ASSIGNMENT: With pictures excluded, copy word for word the lines in the data below from the line containing "HH Women Fashion" through the line containing "Zwei Ansichten einer".

SUPPLIED DATA:
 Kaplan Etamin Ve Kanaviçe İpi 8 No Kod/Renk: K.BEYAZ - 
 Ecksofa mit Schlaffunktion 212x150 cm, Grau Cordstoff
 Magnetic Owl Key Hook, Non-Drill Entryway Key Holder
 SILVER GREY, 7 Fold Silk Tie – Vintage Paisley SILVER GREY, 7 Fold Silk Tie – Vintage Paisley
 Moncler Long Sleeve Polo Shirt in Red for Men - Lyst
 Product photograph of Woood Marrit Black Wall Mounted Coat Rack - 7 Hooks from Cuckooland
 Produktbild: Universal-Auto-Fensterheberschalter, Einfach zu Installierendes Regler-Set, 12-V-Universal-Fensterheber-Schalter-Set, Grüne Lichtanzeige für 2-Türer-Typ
* * *
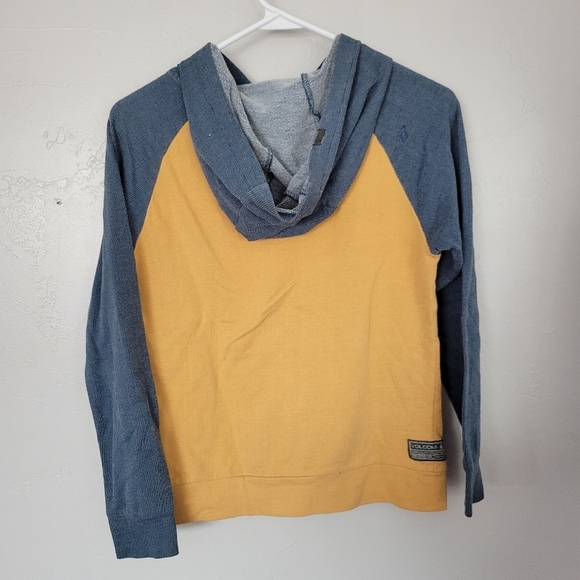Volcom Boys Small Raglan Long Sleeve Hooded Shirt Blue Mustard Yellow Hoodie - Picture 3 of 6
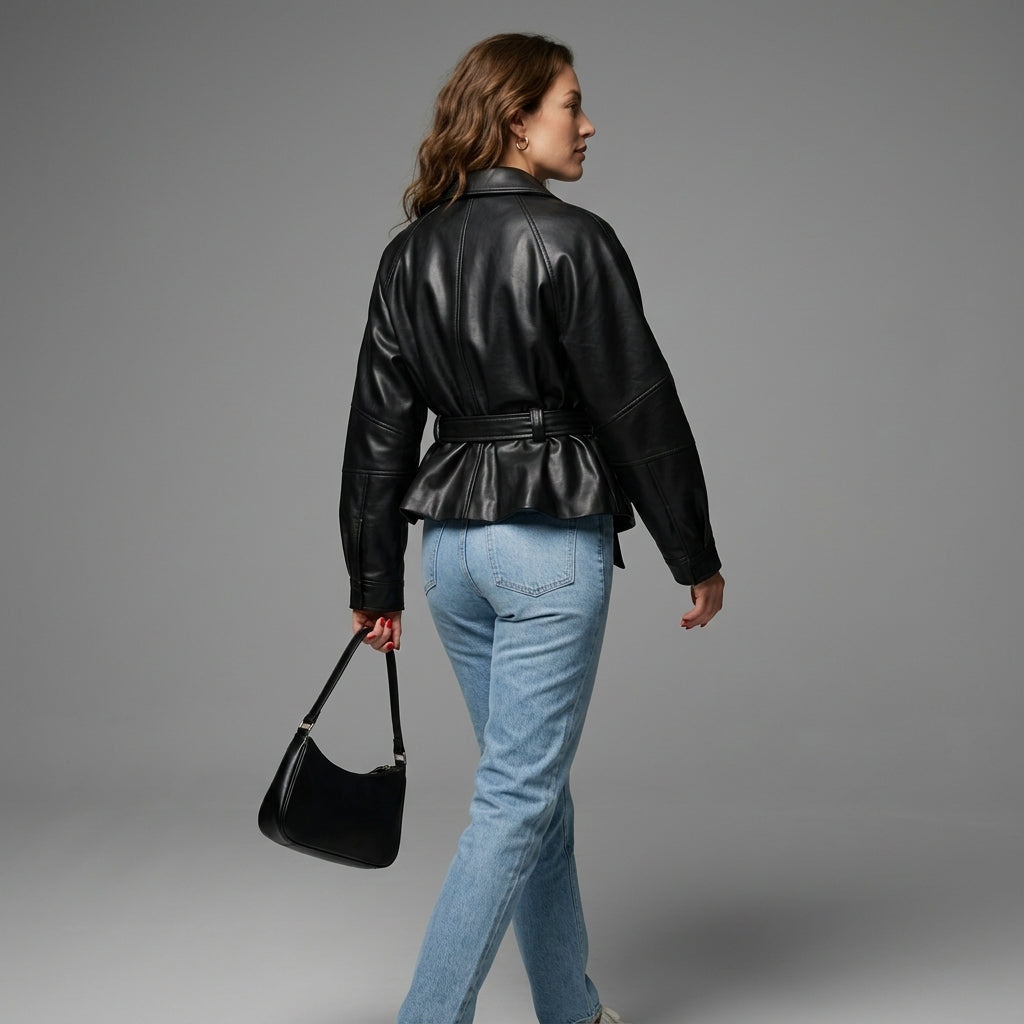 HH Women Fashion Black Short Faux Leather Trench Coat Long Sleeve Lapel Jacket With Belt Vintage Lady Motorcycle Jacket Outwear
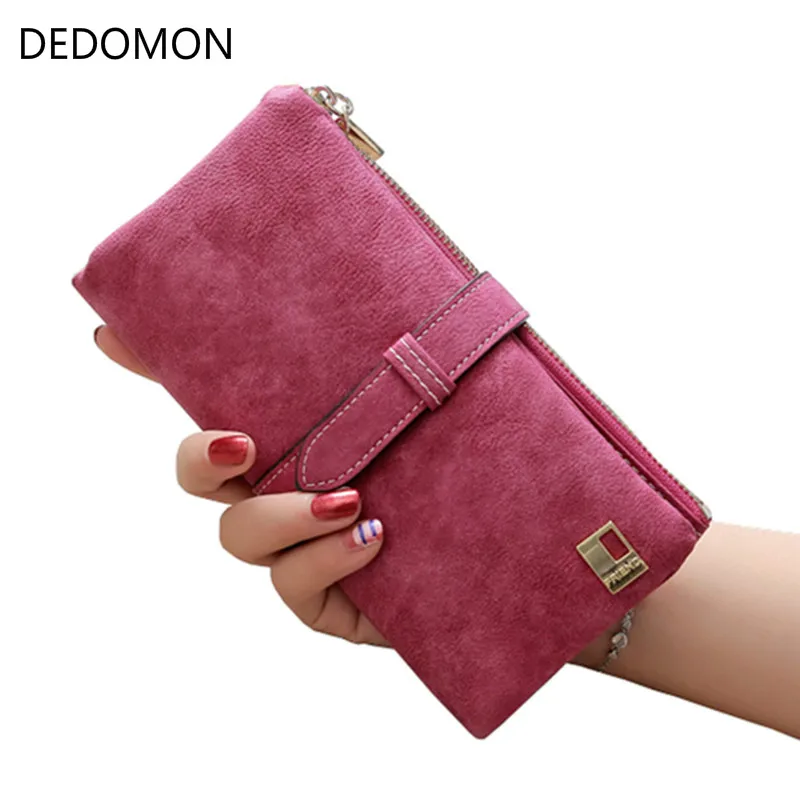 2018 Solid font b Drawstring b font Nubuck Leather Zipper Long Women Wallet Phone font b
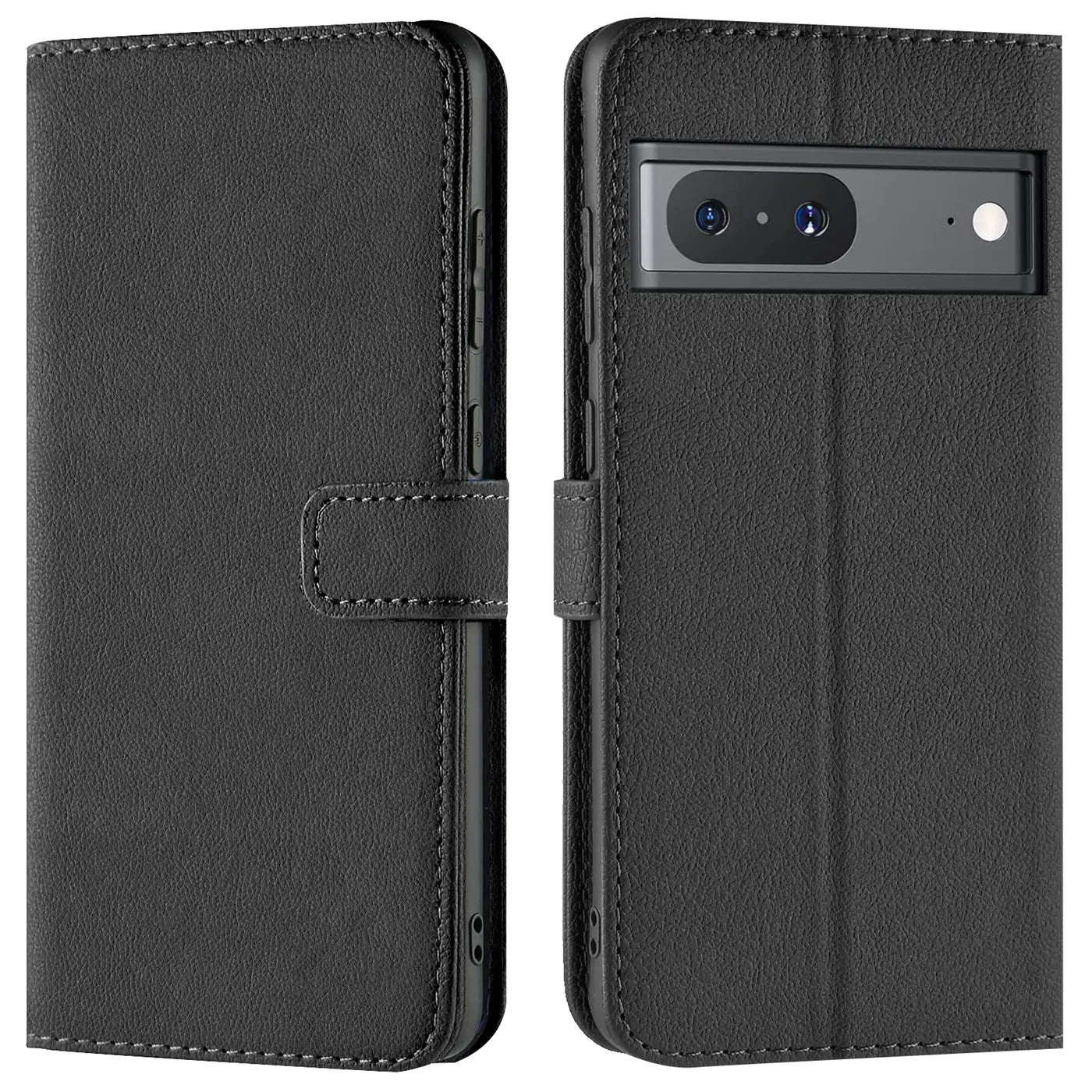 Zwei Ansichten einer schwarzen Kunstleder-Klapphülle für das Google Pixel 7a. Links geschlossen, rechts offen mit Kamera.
* * *
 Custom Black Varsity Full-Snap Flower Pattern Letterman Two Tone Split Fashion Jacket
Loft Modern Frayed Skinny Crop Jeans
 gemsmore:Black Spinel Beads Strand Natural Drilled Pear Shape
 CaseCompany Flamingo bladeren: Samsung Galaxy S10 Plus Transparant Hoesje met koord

RESULT OF THIS EXERCISE:
 HH Women Fashion Black Short Faux Leather Trench Coat Long Sleeve Lapel Jacket With Belt Vintage Lady Motorcycle Jacket Outwear
 2018 Solid font b Drawstring b font Nubuck Leather Zipper Long Women Wallet Phone font b
 Zwei Ansichten einer schwarzen Kunstleder-Klapphülle für das Google Pixel 7a. Links geschlossen, rechts offen mit Kamera.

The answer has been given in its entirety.